What is needed:
The lines below must be transcribed exactly as given, with the images removed.

Exercise data:
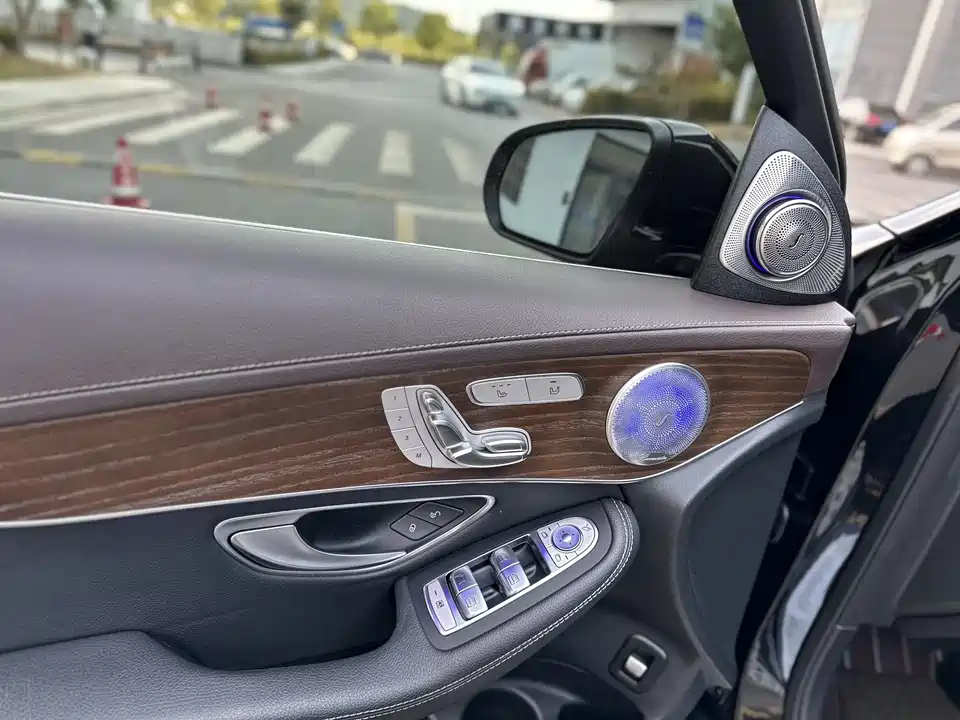 Mercedes-Benz GLC Mercedes-Benz GLC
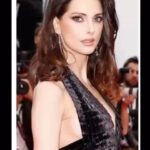 Frédérique Bel Instagram - Jewelry shine diamonds 💎 #redcarpetfashion #luxe #InstaLook #lookbook #instaFashion #fashionblog #fashionpost #fashionaddict #instagood #ootd #ootd #ootdfashion #ootdshare #mode #brunette #actress #frenchactress #Actress #Actrice #actricefrancaise #comedienne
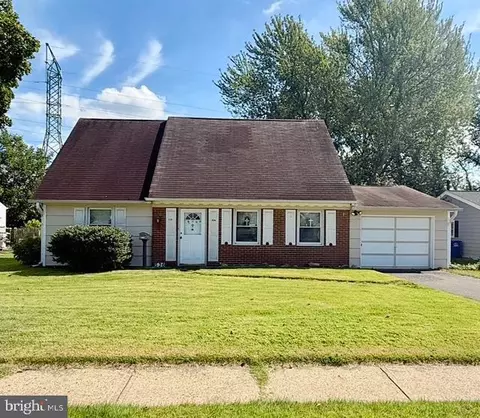 536 Charleston Rd, Willingboro, NJ 08046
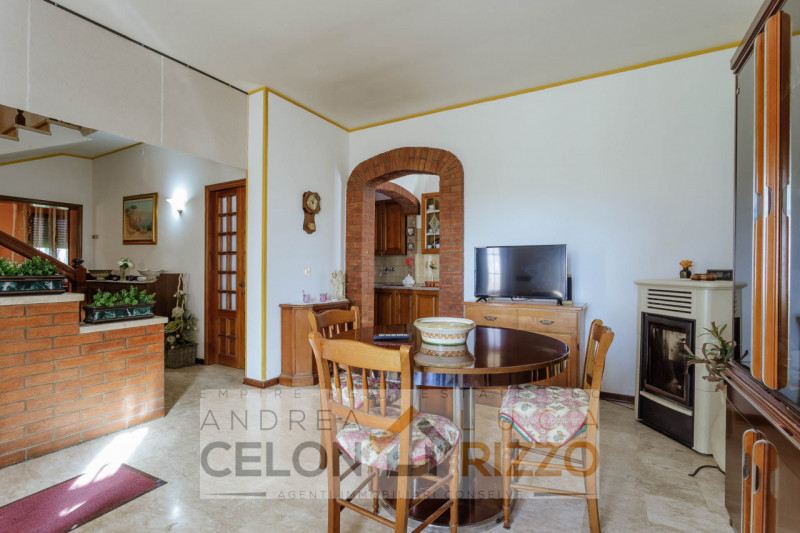 In una tranquilla zona di campagna ad Agna, non distante dal centro del paese, proponiamo in vend...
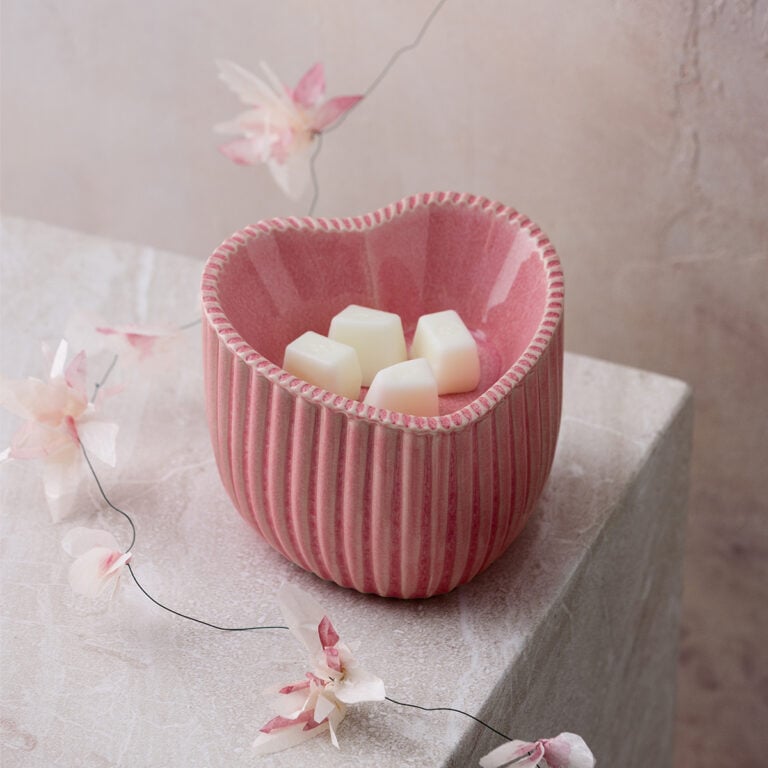 Heart of Hope Scentsy charitable cause warmer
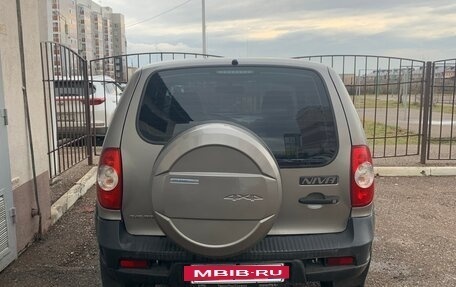 Chevrolet Niva I рестайлинг, 2016 год, 580 000 рублей, 4 фотография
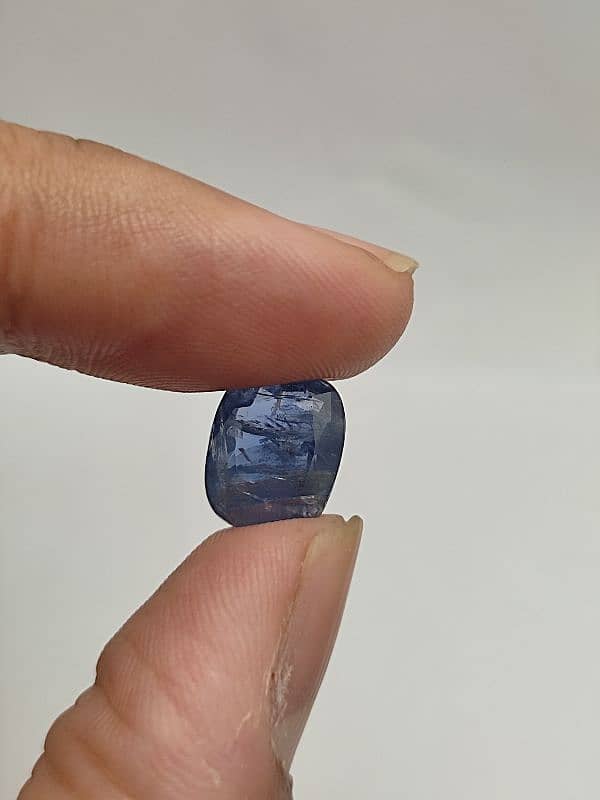 Natural Blue Sapphire Stone 1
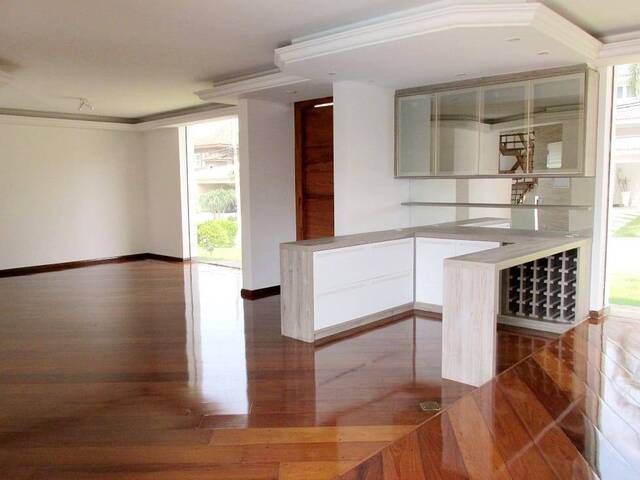 #88 - Casa para Venda em Santana de Parnaíba - SP - 2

Reply:
 Mercedes-Benz GLC Mercedes-Benz GLC
 Frédérique Bel Instagram - Jewelry shine diamonds 💎 #redcarpetfashion #luxe #InstaLook #lookbook #instaFashion #fashionblog #fashionpost #fashionaddict #instagood #ootd #ootd #ootdfashion #ootdshare #mode #brunette #actress #frenchactress #Actress #Actrice #actricefrancaise #comedienne
 536 Charleston Rd, Willingboro, NJ 08046
 In una tranquilla zona di campagna ad Agna, non distante dal centro del paese, proponiamo in vend...
 Heart of Hope Scentsy charitable cause warmer
 Chevrolet Niva I рестайлинг, 2016 год, 580 000 рублей, 4 фотография
 Natural Blue Sapphire Stone 1
 #88 - Casa para Venda em Santana de Parnaíba - SP - 2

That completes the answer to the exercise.